> **What the task requires**
Leaving nothing out, set down all the data exactly.

*** Supplied data ***

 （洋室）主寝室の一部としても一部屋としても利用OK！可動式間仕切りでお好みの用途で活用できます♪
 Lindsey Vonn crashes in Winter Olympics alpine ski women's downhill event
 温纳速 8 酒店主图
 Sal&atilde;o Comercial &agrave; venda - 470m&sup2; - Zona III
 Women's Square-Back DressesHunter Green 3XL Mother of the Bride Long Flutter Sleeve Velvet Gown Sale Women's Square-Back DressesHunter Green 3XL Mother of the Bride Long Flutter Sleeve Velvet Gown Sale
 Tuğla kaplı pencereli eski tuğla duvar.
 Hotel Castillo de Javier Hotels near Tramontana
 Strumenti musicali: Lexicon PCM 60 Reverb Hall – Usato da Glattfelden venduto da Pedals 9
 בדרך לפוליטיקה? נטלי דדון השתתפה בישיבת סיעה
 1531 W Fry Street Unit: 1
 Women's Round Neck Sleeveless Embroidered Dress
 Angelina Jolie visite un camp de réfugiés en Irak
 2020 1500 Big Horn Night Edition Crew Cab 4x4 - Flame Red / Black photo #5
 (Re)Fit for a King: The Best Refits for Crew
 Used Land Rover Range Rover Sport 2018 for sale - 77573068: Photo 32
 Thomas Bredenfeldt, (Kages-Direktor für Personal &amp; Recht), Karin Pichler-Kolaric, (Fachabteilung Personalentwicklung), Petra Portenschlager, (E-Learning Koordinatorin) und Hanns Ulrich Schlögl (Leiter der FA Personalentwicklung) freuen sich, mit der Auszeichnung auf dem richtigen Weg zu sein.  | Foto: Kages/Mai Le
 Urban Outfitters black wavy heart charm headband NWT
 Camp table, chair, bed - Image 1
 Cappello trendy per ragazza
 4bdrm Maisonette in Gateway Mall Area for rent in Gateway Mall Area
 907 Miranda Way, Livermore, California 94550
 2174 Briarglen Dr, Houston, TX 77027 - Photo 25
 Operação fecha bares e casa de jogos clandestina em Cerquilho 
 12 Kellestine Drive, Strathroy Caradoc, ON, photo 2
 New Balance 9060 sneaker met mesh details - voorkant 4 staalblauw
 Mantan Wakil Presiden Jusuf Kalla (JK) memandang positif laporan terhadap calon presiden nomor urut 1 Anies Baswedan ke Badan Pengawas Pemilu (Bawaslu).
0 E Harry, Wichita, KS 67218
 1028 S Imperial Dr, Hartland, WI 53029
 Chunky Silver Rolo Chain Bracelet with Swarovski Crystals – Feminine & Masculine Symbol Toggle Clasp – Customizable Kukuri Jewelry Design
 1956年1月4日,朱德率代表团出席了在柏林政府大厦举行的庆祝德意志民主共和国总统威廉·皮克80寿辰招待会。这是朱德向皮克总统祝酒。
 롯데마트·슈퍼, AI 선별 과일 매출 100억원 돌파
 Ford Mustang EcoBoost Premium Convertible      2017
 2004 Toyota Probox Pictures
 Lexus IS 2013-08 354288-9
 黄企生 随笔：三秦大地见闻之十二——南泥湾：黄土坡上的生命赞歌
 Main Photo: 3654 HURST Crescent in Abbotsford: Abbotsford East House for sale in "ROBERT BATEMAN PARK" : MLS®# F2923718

*** End of Supplied data ***

> **Written solution**
 （洋室）主寝室の一部としても一部屋としても利用OK！可動式間仕切りでお好みの用途で活用できます♪
 Lindsey Vonn crashes in Winter Olympics alpine ski women's downhill event
 温纳速 8 酒店主图
 Sal&atilde;o Comercial &agrave; venda - 470m&sup2; - Zona III
 Women's Square-Back DressesHunter Green 3XL Mother of the Bride Long Flutter Sleeve Velvet Gown Sale Women's Square-Back DressesHunter Green 3XL Mother of the Bride Long Flutter Sleeve Velvet Gown Sale
 Tuğla kaplı pencereli eski tuğla duvar.
 Hotel Castillo de Javier Hotels near Tramontana
 Strumenti musicali: Lexicon PCM 60 Reverb Hall – Usato da Glattfelden venduto da Pedals 9
 בדרך לפוליטיקה? נטלי דדון השתתפה בישיבת סיעה
 1531 W Fry Street Unit: 1
 Women's Round Neck Sleeveless Embroidered Dress
 Angelina Jolie visite un camp de réfugiés en Irak
 2020 1500 Big Horn Night Edition Crew Cab 4x4 - Flame Red / Black photo #5
 (Re)Fit for a King: The Best Refits for Crew
 Used Land Rover Range Rover Sport 2018 for sale - 77573068: Photo 32
 Thomas Bredenfeldt, (Kages-Direktor für Personal &amp; Recht), Karin Pichler-Kolaric, (Fachabteilung Personalentwicklung), Petra Portenschlager, (E-Learning Koordinatorin) und Hanns Ulrich Schlögl (Leiter der FA Personalentwicklung) freuen sich, mit der Auszeichnung auf dem richtigen Weg zu sein.  | Foto: Kages/Mai Le
 Urban Outfitters black wavy heart charm headband NWT
 Camp table, chair, bed - Image 1
 Cappello trendy per ragazza
 4bdrm Maisonette in Gateway Mall Area for rent in Gateway Mall Area
 907 Miranda Way, Livermore, California 94550
 2174 Briarglen Dr, Houston, TX 77027 - Photo 25
 Operação fecha bares e casa de jogos clandestina em Cerquilho 
 12 Kellestine Drive, Strathroy Caradoc, ON, photo 2
 New Balance 9060 sneaker met mesh details - voorkant 4 staalblauw
 Mantan Wakil Presiden Jusuf Kalla (JK) memandang positif laporan terhadap calon presiden nomor urut 1 Anies Baswedan ke Badan Pengawas Pemilu (Bawaslu).
0 E Harry, Wichita, KS 67218
 1028 S Imperial Dr, Hartland, WI 53029
 Chunky Silver Rolo Chain Bracelet with Swarovski Crystals – Feminine & Masculine Symbol Toggle Clasp – Customizable Kukuri Jewelry Design
 1956年1月4日,朱德率代表团出席了在柏林政府大厦举行的庆祝德意志民主共和国总统威廉·皮克80寿辰招待会。这是朱德向皮克总统祝酒。
 롯데마트·슈퍼, AI 선별 과일 매출 100억원 돌파
 Ford Mustang EcoBoost Premium Convertible      2017
 2004 Toyota Probox Pictures
 Lexus IS 2013-08 354288-9
 黄企生 随笔：三秦大地见闻之十二——南泥湾：黄土坡上的生命赞歌
 Main Photo: 3654 HURST Crescent in Abbotsford: Abbotsford East House for sale in "ROBERT BATEMAN PARK" : MLS®# F2923718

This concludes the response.